Plaintiff argues that the Virus and Bacteria provision is ambiguous because another part of the insurance policy references loss or damage "caused by . . . virus" without anti-concurrent causation language. ECF No. 58 at 22 (citations omitted). However, the absence of anti-concurrent causation language in another part of the insurance policy has no bearing on the Virus and Bacteria provision. In any event, if the anti-concurrent language is removed from the Virus and Bacteria provision, a 'caused by' standard will still exclude COVID-19 losses from insurance policy coverage under a proximate causation theory. See Mac Property, 278 A.3d at 295.
Plaintiff does not dispute that the coronavirus responsible for COVID-19 is a virus that can induce illness. See Compl., ECF No. 1 ¶ 19.
Nevertheless, Plaintiff argues that the Virus and Bacteria provision does not exclude insurance coverage because "references to a virus throughout the Policy were intended to mean viruses at the premises" and there was no coronavirus at the insured premises. ECF No. 58 at 19 (citations omitted). Specifically, Plaintiff argues that "[t]he Limited Form clearly indicates that the physical presence of the virus at the [insured] premises is a condition of this limited coverage." Id. However, the Limited Form does not state that a virus must exist at the premises, and there is no reason to assume that the conditions of limited coverage are coextensive with the conditions of coverage exclusion. Although the insurance policy excludes coverage for "failure of communication supply services, power supply services, wastewater removal services, water supply services or other utility service supplied to the [insured] premises," the Virus and Bacteria provision does not reference the premises. ECF No. 54-3 at 23-24 (citations omitted). Therefore, coverage is excluded, notwithstanding the absence of COVID-19 at the insured property.
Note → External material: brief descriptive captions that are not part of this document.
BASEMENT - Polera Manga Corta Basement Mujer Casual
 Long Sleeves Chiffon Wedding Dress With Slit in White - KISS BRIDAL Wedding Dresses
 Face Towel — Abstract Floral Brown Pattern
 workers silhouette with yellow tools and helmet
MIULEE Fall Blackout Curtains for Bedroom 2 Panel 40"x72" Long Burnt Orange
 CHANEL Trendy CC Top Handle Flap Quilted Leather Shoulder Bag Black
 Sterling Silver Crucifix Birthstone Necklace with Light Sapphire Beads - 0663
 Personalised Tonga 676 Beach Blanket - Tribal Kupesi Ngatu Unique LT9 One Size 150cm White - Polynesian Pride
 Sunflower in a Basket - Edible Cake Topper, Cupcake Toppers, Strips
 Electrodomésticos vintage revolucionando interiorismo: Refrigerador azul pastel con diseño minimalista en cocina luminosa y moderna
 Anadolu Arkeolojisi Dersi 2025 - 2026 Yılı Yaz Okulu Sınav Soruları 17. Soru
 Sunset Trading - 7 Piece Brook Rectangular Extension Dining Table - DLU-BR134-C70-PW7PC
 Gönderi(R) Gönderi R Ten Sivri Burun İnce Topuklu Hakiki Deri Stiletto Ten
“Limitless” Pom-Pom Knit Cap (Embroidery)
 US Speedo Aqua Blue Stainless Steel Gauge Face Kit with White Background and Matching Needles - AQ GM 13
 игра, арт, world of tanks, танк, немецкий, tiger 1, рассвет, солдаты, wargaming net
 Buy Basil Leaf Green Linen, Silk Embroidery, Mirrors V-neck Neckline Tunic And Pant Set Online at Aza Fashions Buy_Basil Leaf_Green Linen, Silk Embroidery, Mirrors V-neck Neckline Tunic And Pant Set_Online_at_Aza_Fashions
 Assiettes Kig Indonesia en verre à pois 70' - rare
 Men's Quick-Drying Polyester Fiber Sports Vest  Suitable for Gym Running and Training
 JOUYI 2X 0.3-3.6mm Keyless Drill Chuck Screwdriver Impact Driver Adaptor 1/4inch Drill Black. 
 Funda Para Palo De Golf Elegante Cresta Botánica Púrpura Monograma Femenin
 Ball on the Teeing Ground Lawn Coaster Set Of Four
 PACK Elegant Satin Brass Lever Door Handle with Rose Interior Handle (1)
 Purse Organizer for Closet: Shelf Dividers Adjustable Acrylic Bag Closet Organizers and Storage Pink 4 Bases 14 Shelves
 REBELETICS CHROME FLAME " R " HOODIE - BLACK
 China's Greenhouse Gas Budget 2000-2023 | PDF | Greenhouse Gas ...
Plaintiff argues that "when [Defendant] sought approval of various virus provisions in its policies, for both the liability and property sections, it described the provisions as applying narrowly to viruses present at an insured's property." ECF No. 58 at 20. However, extrinsic evidence cannot be examined if the provision at issue is unambiguous. Cypress Point Condo. Ass'n, Inc. v. Adria Towers, L.L.C., 226 N.J. 403, 143 A.3d 273, 280 (2016). In any event, the extrinsic evidence pertains to separate forms and exclusions and concerns liability coverage. See ECF No. 58-8 at 2; ECF No. 58-9 at 2-3. Accordingly, "[t]he record here is devoid of any evidence of a false statement or misrepresentation to a regulatory body regarding the scope of the virus exclusions." TMN, LLC v. Ohio Sec. Ins. Co., 2023 WL 1830456, at *3 (N.J. Super. Ct. App. Div. Feb. 9, 2023); Antone's v. Am. Prop. Ins. Co., 2023 WL 368431, at *3 (N.J. Super. Ct. App. Div. Jan. 24, 2023).
IV. CONCLUSION
For the reasons set forth above, the motion for judgment on the pleadings [ECF No. 54] is GRANTED; and Plaintiff's claims are hereby DISMISSED with prejudice. An appropriate Order accompanies this Opinion.